What is needed >> In the records below, find the line that contains "Playful and Friendly" and the line that contains "Kohree 30A Male". Set down exactly those lines and every line between them, and nothing more.

Segment Start: Source records

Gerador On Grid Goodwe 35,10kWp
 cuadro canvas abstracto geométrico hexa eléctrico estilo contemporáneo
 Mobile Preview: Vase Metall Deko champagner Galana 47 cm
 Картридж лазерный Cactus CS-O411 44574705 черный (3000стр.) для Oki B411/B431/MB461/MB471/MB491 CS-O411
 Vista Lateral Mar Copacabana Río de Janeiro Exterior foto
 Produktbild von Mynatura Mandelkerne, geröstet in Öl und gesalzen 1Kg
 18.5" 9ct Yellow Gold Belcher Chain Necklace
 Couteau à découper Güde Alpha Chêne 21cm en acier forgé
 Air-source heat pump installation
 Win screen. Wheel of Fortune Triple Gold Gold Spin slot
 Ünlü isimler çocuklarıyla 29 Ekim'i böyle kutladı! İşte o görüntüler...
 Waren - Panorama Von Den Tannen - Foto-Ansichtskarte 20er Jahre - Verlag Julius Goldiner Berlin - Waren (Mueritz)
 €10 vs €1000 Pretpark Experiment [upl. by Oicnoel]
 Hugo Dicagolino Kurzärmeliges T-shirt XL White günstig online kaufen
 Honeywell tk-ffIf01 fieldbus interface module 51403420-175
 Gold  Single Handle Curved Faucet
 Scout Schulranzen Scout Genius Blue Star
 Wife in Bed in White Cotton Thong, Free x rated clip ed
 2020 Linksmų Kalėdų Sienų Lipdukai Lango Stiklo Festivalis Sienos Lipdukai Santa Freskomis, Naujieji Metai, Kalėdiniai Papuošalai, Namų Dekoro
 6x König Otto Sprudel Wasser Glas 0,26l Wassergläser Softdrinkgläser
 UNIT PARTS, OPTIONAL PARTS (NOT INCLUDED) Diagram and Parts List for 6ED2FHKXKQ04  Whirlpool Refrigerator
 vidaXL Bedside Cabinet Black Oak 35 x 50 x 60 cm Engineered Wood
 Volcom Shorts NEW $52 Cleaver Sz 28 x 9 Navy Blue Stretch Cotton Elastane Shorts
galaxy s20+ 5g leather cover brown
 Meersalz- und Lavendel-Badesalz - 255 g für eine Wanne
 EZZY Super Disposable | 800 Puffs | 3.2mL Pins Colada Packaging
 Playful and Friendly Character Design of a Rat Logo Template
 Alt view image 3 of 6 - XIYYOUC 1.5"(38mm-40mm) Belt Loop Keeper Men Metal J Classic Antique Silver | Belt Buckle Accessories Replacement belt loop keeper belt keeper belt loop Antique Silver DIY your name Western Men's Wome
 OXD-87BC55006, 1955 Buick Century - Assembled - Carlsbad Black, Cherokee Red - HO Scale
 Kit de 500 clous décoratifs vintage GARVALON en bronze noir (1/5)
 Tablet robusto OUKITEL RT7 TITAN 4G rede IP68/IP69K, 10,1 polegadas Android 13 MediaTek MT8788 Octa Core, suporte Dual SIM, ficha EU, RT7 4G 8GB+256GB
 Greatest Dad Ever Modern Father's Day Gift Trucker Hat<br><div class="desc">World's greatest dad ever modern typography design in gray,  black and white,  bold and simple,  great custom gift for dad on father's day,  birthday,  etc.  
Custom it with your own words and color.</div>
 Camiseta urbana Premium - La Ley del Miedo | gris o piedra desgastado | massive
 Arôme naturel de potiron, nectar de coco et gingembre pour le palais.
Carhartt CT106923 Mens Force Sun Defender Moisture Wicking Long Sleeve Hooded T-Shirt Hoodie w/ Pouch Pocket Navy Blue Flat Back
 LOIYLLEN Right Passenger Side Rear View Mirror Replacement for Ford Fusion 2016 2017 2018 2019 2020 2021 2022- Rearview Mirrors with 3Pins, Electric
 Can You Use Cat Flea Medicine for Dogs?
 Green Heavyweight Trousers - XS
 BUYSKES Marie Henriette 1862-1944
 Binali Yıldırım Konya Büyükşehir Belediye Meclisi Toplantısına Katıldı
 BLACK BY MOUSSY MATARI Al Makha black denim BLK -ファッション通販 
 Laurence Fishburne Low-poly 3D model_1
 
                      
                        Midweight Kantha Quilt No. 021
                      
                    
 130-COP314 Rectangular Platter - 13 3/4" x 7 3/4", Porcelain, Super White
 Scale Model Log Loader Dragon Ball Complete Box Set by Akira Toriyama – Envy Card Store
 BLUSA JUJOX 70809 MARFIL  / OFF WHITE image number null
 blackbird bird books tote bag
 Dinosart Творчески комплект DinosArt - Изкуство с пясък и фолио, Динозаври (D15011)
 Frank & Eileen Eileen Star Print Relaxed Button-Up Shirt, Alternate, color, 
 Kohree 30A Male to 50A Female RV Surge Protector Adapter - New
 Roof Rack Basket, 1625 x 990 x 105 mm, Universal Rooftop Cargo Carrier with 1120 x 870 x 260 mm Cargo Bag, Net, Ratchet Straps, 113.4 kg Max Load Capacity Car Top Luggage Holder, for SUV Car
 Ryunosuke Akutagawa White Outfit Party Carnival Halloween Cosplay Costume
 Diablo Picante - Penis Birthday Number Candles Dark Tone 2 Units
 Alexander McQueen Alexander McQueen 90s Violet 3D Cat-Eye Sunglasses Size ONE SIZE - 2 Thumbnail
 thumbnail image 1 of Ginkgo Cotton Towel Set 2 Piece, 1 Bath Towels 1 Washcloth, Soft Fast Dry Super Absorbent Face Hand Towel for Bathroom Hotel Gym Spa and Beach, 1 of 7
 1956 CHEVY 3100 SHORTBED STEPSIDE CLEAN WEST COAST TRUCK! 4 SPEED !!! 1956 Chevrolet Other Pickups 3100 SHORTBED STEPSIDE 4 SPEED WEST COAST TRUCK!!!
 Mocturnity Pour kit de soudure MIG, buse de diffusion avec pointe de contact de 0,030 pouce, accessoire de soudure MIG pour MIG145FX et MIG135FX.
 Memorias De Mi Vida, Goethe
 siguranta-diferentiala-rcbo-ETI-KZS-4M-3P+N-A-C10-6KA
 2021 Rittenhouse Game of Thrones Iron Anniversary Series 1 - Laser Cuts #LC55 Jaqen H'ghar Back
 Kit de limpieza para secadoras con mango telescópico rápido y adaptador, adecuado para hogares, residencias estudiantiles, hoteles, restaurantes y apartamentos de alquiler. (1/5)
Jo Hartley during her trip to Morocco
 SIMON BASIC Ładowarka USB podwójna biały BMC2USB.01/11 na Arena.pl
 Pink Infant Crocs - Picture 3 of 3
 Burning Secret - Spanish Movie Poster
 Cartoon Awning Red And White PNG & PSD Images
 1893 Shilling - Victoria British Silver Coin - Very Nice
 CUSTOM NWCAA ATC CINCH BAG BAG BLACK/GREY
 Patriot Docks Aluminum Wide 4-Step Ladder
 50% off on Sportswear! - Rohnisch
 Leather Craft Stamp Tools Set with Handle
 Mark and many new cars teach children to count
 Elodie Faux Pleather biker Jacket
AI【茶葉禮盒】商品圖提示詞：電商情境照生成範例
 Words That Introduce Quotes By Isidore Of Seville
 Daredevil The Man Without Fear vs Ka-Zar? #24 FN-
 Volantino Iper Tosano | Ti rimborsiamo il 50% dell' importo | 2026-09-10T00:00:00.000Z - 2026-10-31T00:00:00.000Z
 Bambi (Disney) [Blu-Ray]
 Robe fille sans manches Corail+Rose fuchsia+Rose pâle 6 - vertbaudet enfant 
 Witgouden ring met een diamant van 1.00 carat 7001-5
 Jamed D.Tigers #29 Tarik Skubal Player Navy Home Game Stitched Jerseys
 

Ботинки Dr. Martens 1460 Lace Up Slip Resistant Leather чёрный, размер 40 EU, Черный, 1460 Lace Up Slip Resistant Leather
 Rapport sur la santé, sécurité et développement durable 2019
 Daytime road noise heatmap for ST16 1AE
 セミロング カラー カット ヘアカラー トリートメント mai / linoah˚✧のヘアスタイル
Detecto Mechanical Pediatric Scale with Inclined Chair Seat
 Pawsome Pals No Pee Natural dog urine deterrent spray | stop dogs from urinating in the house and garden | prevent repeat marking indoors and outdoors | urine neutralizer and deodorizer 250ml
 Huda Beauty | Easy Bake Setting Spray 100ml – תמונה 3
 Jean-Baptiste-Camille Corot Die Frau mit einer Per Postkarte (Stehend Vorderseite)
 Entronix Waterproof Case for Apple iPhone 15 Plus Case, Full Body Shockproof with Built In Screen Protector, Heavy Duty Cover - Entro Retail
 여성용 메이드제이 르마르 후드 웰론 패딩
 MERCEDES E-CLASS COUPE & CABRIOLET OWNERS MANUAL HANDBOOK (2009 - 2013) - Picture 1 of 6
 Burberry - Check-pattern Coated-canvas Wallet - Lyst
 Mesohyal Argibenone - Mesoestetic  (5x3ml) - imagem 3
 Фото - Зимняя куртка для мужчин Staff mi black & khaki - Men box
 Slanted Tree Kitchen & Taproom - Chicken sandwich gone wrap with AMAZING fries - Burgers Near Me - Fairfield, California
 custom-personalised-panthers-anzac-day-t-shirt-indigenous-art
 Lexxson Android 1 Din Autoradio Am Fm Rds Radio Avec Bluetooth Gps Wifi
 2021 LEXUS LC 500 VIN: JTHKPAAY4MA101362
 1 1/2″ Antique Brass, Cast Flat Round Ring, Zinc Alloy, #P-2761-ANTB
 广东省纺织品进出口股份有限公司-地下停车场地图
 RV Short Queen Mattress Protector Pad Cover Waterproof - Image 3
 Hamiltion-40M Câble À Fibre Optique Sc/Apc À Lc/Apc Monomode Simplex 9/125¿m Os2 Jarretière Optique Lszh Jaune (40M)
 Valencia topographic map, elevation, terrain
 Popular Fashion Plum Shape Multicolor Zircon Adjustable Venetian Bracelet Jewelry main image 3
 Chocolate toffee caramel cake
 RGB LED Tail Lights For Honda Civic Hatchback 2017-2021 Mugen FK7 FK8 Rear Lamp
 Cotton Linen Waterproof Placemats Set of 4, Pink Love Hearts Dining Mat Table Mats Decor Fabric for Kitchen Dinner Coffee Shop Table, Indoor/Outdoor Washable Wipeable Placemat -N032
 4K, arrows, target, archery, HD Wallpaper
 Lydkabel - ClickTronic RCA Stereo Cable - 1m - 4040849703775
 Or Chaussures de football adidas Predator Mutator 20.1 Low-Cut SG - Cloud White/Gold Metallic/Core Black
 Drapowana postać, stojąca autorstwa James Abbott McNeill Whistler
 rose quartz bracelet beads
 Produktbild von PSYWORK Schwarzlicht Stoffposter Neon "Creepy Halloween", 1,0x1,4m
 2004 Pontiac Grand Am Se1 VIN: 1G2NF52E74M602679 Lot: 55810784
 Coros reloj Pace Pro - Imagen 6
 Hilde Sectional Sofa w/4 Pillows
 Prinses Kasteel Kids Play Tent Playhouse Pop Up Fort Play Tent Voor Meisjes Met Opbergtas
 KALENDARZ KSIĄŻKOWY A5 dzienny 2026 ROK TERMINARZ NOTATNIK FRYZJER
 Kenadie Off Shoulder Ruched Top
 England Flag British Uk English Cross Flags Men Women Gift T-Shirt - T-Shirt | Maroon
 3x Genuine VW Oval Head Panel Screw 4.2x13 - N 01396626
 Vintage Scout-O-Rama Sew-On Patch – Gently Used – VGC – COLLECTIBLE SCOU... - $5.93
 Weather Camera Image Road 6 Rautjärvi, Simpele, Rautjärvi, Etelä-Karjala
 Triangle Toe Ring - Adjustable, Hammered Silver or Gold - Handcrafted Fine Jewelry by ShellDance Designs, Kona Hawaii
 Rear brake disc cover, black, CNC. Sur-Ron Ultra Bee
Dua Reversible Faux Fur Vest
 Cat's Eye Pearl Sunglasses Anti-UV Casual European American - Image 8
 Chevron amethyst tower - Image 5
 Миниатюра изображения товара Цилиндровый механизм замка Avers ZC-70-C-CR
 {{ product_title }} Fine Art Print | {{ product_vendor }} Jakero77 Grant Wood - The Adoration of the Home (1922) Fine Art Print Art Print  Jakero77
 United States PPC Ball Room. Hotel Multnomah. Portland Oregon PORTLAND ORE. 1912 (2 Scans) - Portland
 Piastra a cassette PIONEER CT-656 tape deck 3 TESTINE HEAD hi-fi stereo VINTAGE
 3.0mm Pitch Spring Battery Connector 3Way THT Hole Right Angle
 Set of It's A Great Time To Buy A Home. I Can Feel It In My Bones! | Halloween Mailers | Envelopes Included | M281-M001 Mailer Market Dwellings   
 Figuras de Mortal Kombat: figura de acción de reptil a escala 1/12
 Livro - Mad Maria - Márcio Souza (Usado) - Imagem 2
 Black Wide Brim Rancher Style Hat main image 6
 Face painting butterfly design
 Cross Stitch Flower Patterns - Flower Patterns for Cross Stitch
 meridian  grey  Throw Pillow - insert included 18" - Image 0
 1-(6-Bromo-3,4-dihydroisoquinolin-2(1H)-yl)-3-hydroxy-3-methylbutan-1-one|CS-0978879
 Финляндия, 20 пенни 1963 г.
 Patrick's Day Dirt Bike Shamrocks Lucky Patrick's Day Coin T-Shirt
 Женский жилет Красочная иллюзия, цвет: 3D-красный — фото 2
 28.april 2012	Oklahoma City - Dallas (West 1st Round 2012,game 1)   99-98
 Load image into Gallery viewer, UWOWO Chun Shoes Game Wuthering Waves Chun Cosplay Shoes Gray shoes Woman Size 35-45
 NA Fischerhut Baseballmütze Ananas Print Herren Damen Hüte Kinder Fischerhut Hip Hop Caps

Segment End: Source records

Task response >>
 Playful and Friendly Character Design of a Rat Logo Template
 Alt view image 3 of 6 - XIYYOUC 1.5"(38mm-40mm) Belt Loop Keeper Men Metal J Classic Antique Silver | Belt Buckle Accessories Replacement belt loop keeper belt keeper belt loop Antique Silver DIY your name Western Men's Wome
 OXD-87BC55006, 1955 Buick Century - Assembled - Carlsbad Black, Cherokee Red - HO Scale
 Kit de 500 clous décoratifs vintage GARVALON en bronze noir (1/5)
 Tablet robusto OUKITEL RT7 TITAN 4G rede IP68/IP69K, 10,1 polegadas Android 13 MediaTek MT8788 Octa Core, suporte Dual SIM, ficha EU, RT7 4G 8GB+256GB
 Greatest Dad Ever Modern Father's Day Gift Trucker Hat<br><div class="desc">World's greatest dad ever modern typography design in gray,  black and white,  bold and simple,  great custom gift for dad on father's day,  birthday,  etc.  
Custom it with your own words and color.</div>
 Camiseta urbana Premium - La Ley del Miedo | gris o piedra desgastado | massive
 Arôme naturel de potiron, nectar de coco et gingembre pour le palais.
Carhartt CT106923 Mens Force Sun Defender Moisture Wicking Long Sleeve Hooded T-Shirt Hoodie w/ Pouch Pocket Navy Blue Flat Back
 LOIYLLEN Right Passenger Side Rear View Mirror Replacement for Ford Fusion 2016 2017 2018 2019 2020 2021 2022- Rearview Mirrors with 3Pins, Electric
 Can You Use Cat Flea Medicine for Dogs?
 Green Heavyweight Trousers - XS
 BUYSKES Marie Henriette 1862-1944
 Binali Yıldırım Konya Büyükşehir Belediye Meclisi Toplantısına Katıldı
 BLACK BY MOUSSY MATARI Al Makha black denim BLK -ファッション通販 
 Laurence Fishburne Low-poly 3D model_1
 
                      
                        Midweight Kantha Quilt No. 021
                      
                    
 130-COP314 Rectangular Platter - 13 3/4" x 7 3/4", Porcelain, Super White
 Scale Model Log Loader Dragon Ball Complete Box Set by Akira Toriyama – Envy Card Store
 BLUSA JUJOX 70809 MARFIL  / OFF WHITE image number null
 blackbird bird books tote bag
 Dinosart Творчески комплект DinosArt - Изкуство с пясък и фолио, Динозаври (D15011)
 Frank & Eileen Eileen Star Print Relaxed Button-Up Shirt, Alternate, color, 
 Kohree 30A Male to 50A Female RV Surge Protector Adapter - New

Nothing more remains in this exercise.